» **Data for analysis**

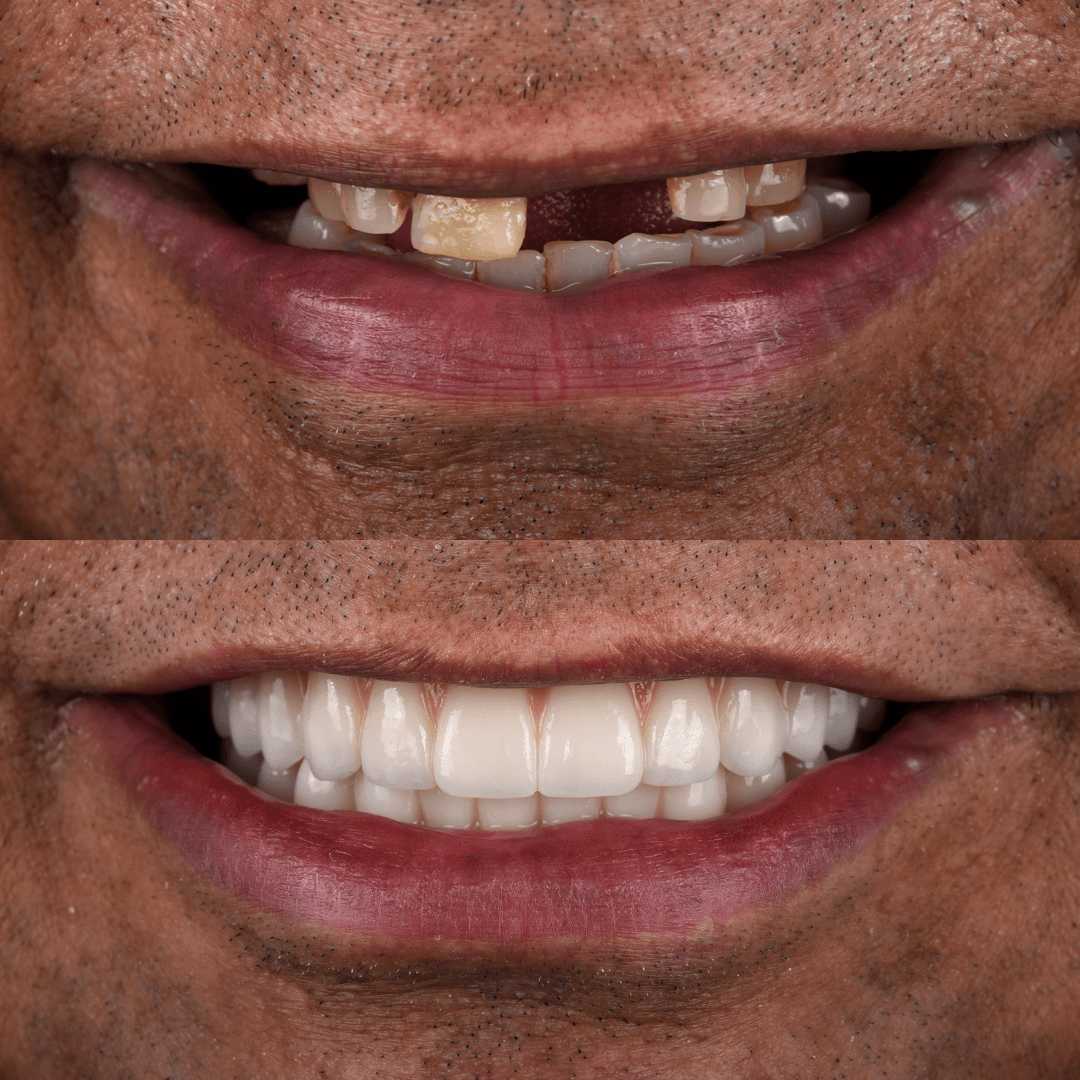 All-on-X Implant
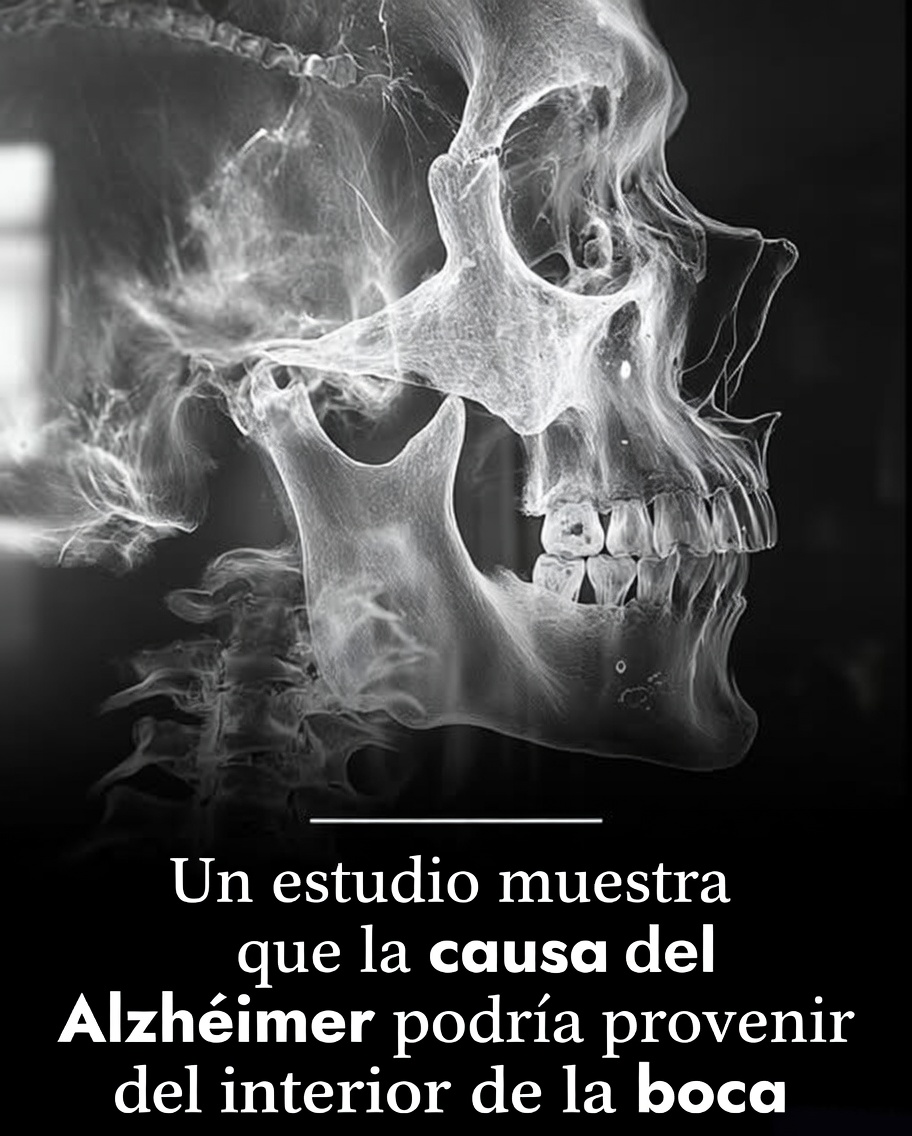 El Alzheimer podría estar relacionado con bacterias de las encías, según una nueva investigación.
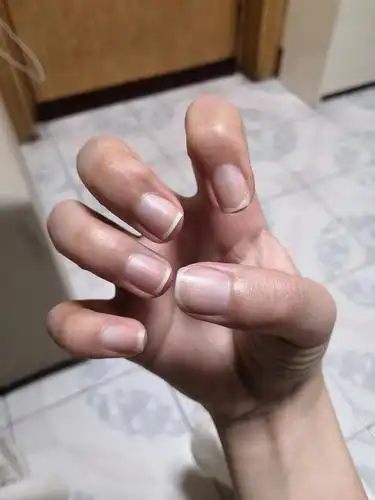 有人像我一样指甲是发紫和灰白色吗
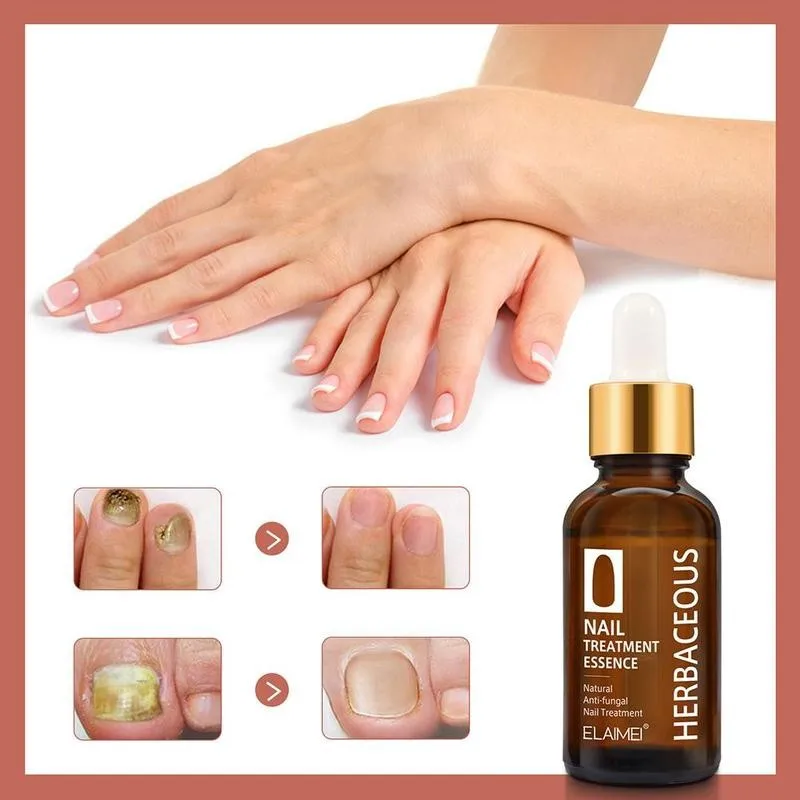 Nail Fungal Treatment Anti-fungal Toe Nail Fungus Removal 30ml Onychomycosis Gel Remove Antibacterial Nail Care Serum Liqui Q8G1 
Nail Fungal Treatment Anti-fungal Toe Nail Fungus Removal 30ml Onychomycosis Gel Remove Antibacterial Nail Care Serum Liqui Q8G1
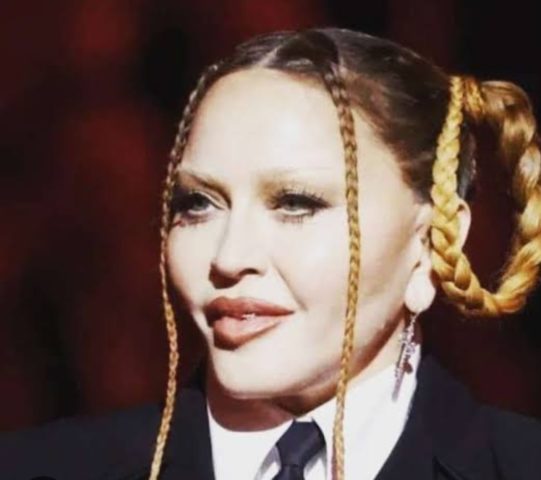 A cantora virou motivo de piada nas redes sociais por exagerar no tratamento estético de rejuvenescimento. O rosto inchado dela na cerimônia do Grammy de 2023 chamou a atenção e teve grande repercussão.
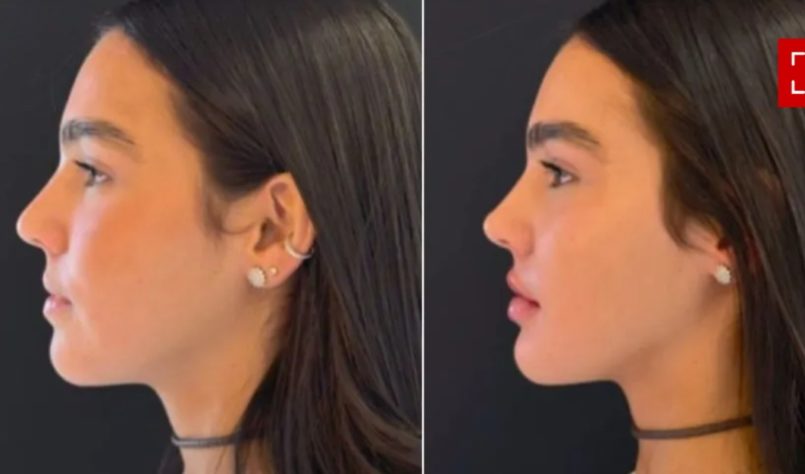 harmonização facial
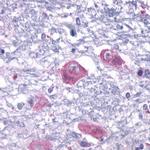 PTH2R Antibody in Immunohistochemistry (Paraffin) (IHC (P))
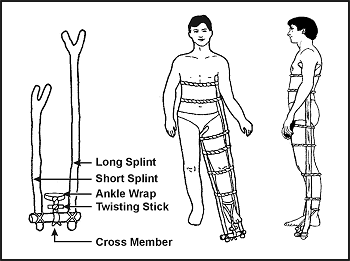Figure 4-6. Improvised Traction Splint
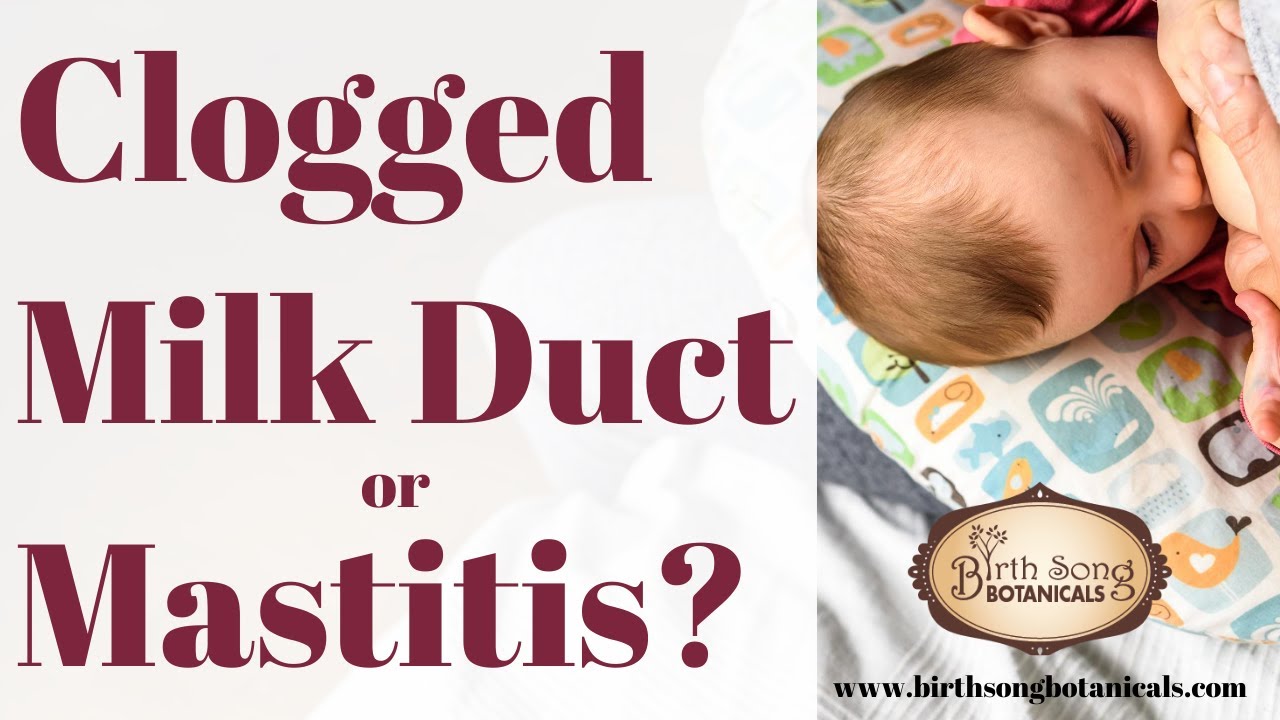 How to Treat A Clogged Milk Duct and Prevent Mastitis Breastfeeding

» **To do**
Please give again, word for word, the lines from the one containing "A cantora virou" through the last line of the listing above, inclusive, and leave out pictures.

» **Problem solution**
 A cantora virou motivo de piada nas redes sociais por exagerar no tratamento estético de rejuvenescimento. O rosto inchado dela na cerimônia do Grammy de 2023 chamou a atenção e teve grande repercussão.
 harmonização facial
 PTH2R Antibody in Immunohistochemistry (Paraffin) (IHC (P))
Figure 4-6. Improvised Traction Splint
 How to Treat A Clogged Milk Duct and Prevent Mastitis Breastfeeding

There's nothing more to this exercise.